# DTG Technician School



## tazlover22 (Dec 13, 2013)

Does anyone know where one can go to get certified as a DTG Technician? I'm tired of looking for technicians to work on my machines....time to learn these machines inside & out, so I can fix my own machines


----------



## DTGPRINTERPARTS (Jul 13, 2012)

tazlover22 said:


> Does anyone know where one can go to get certified as a DTG Technician? I'm tired of looking for technicians to work on my machines....time to learn these machines inside & out, so I can fix my own machines


Do you mean for the brand DTG or just in general?


----------



## lazographics (Mar 5, 2009)

There is no school to be DTG tech.

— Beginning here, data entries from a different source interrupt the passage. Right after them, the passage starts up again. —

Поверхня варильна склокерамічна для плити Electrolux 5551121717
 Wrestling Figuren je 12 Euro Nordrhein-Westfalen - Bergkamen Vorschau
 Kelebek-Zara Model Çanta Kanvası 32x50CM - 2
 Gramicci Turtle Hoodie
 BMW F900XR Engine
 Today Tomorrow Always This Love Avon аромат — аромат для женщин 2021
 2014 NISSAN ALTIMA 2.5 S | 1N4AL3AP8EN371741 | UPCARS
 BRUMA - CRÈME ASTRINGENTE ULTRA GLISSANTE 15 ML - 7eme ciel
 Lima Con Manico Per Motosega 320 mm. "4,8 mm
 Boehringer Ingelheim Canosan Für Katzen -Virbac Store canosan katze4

You either start working for a company that sells dtg printers or just start working on your own printer. It helps to have some tech experience.


----------



## equipmentzone (Mar 26, 2008)

tazlover22 said:


> Does anyone know where one can go to get certified as a DTG Technician? I'm tired of looking for technicians to work on my machines....time to learn these machines inside & out, so I can fix my own machines




Actually we would probably love it if there was a technical school with a training program for dtg printer repair, like ones for auto mechanics, that we could then hire people from. Unfortunately there is not, or any program like that. Every printer manufacturer or large equipment distributor trains their own technicians. I know in our case training one of our techs takes 1/2 year to a year in-house till we consider them proficient.

_


----------